Tornando ai corti, quindici anni fa anche lei ne aveva diretto uno…
Si chiamava Amici all’italiana e tra gli attori c’erano anche Haber e Francesca Reggiani. È stato divertente farlo, ho pure vinto dei premi. Poi mi sono accorto che l’interesse era più per la scrittura. Avevo così tanti personaggi nella testa che non mi volevo focalizzare sulla regia che richiede tempi lunghi. Dopo Lo chiamavano Jeeg Robot ho scritto almeno quindici film. Con la mia società Miyagi voglio produrre storie mie, che spesso scrivo insieme a Menotti con il quale il processo creativo è molto stimolante. Ma voglio anche realizzare storie di altri. Ultimamente ho acquisito i diritti di un romanzo di una giovane autrice di cui vorrei realizzare una serie.

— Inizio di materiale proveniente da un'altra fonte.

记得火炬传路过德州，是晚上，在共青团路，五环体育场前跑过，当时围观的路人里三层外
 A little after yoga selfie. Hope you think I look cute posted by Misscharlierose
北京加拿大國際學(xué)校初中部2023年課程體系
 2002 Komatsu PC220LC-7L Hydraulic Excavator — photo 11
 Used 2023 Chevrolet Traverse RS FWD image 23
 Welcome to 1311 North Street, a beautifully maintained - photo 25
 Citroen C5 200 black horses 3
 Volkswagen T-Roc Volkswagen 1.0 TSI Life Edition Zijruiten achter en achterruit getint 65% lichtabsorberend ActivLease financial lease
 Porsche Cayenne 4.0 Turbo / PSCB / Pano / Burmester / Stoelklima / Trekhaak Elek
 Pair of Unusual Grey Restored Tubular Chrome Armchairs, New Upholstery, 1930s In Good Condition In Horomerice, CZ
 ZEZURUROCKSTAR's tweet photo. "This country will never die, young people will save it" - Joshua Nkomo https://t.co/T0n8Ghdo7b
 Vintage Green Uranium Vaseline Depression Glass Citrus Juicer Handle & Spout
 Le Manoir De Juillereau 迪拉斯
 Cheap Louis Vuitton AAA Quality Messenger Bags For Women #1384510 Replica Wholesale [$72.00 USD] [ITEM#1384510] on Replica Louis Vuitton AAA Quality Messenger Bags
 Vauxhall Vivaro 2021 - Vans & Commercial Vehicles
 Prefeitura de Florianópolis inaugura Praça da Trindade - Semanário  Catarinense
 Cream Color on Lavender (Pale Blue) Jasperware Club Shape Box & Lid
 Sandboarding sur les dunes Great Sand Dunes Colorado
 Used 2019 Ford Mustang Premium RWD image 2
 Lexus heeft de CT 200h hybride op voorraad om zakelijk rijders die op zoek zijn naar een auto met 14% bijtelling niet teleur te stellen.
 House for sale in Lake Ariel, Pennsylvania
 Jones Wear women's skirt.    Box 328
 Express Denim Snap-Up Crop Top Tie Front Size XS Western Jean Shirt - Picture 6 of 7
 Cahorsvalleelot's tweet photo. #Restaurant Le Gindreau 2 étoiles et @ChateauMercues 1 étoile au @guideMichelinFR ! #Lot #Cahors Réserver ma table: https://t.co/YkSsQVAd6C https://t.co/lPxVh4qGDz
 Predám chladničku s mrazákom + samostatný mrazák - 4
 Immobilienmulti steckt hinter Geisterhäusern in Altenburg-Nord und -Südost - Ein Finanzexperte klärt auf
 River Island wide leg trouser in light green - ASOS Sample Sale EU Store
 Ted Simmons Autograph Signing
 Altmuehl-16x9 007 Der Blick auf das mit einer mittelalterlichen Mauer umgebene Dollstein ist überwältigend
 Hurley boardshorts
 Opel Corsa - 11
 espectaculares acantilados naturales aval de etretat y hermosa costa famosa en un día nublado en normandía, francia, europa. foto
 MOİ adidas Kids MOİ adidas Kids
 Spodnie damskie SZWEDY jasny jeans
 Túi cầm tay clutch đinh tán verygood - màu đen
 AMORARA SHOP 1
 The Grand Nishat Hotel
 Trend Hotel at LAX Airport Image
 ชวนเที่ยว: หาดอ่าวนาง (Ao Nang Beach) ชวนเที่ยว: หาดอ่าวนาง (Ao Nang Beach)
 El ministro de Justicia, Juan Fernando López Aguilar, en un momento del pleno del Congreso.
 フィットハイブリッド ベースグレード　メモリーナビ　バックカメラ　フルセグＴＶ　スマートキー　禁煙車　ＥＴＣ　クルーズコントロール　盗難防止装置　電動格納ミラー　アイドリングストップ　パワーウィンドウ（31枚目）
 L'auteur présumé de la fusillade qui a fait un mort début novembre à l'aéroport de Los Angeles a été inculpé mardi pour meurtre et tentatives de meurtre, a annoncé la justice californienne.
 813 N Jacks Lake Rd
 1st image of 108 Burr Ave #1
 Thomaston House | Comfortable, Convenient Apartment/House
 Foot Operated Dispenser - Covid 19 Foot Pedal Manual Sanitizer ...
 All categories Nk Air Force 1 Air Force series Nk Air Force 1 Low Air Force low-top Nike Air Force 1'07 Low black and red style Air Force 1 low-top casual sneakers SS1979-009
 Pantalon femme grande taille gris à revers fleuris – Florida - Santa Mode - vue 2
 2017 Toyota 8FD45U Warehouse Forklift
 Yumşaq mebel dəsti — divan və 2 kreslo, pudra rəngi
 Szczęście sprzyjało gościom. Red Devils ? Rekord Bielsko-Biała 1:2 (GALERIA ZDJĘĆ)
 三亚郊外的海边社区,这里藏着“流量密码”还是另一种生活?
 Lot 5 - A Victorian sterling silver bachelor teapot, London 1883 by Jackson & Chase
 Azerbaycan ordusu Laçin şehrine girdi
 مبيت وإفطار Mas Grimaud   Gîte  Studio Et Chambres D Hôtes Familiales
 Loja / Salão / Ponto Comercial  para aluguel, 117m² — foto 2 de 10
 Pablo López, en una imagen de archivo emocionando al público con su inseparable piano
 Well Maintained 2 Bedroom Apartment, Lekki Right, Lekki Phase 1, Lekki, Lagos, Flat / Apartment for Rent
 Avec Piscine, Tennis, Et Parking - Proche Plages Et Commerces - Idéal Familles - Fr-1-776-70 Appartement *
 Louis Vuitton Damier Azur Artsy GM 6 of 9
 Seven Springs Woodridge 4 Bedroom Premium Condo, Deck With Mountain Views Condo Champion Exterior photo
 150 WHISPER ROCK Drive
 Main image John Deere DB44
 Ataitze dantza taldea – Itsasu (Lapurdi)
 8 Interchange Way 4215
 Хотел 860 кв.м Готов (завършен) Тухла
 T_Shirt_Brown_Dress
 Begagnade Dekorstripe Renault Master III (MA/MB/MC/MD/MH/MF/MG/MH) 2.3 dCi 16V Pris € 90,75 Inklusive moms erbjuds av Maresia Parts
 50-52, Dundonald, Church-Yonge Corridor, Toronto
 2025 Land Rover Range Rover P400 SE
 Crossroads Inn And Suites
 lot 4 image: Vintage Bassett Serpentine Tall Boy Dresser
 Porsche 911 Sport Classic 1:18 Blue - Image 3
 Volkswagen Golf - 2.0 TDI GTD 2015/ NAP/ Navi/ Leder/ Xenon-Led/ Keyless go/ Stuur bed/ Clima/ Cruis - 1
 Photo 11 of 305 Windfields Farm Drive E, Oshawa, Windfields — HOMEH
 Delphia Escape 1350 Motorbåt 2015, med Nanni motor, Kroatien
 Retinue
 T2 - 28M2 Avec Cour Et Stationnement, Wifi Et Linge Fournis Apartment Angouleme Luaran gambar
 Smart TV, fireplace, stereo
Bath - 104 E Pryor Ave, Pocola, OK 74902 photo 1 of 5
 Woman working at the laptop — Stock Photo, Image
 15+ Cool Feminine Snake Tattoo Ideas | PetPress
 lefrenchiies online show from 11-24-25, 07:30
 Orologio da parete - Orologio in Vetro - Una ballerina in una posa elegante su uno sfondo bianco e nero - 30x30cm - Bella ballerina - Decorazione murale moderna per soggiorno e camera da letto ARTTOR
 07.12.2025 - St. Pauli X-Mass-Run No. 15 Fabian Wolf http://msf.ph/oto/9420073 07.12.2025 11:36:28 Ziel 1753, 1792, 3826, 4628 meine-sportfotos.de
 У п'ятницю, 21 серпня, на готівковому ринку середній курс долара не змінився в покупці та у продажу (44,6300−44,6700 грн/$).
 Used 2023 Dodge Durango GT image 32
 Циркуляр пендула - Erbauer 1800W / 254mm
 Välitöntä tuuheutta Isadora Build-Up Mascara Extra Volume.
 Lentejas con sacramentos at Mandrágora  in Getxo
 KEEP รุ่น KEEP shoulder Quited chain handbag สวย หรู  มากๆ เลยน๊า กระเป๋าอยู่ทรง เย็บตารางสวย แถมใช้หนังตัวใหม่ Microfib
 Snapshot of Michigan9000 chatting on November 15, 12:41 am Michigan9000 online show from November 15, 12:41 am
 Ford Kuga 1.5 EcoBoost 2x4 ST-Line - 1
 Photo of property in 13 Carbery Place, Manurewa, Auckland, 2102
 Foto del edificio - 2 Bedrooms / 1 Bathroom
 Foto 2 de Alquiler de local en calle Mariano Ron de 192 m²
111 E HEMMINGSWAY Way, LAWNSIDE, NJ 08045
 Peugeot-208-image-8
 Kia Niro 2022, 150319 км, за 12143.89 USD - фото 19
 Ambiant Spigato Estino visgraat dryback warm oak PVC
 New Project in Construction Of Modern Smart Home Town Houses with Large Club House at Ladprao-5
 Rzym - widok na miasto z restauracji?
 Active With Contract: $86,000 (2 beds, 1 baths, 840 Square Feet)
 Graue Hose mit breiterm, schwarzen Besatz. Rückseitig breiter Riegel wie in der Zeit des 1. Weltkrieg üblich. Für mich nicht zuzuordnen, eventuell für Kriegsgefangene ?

Quindi alla regia non ci pensa più?
In realtà ho seguito la seconda unità de La Befana vien di notte II-Le origini. All’inizio avevo paura, ma con Paola Randi ci siamo divertiti molto, anche a girare scene più complicate. E così mi sono deciso. Ho scritto cinquanta pagine di trattamento di una serie molto intima che voglio anche dirigere. Di sei episodi almeno tre, il primo, quello di mezzo e l’ultimo vorrei farli io.
Che storia è?
Quella di un personaggio che diventa adulto e che si dice mai più. Per rimediare a dei traumi del passato, intraprende un percorso che pensa sia giusto e invece è sbagliato.
E lei ha mai detto a se stesso: mai più?
Beh, tante volte, anche a registi e produttori (ride, ndr).
Sta lavorando anche ad altro?
Ho scritto almeno cinque, sei soggetti, ho tre proposte di serie, e ho lavorato all’opera prima di Edoardo Ferrario, un bravissimo comico romano. Mi sono anche preso del tempo per studiare, ho viaggiato, un paio di mesi fa sono andato a New York dove ho visto tanti spettacoli che mi sono serviti nel mio lavoro.
Ma lo Zingaro, invece, lo rivedremo mai?
È un personaggio che ha ancora tanto da dire. È nato dall’idea di raccontare un giovane che negli anni Novanta voleva svoltare con lo spettacolo, poi quando le sue aspirazioni si sono scontrate contro il muro del fallimento è diventato un violento. Anch’io vorrei sapere com’è diventato oggi, vorrei capire a che punto è il suo rapporto con il padre. Chissà, forse prima o poi lo scopriremo.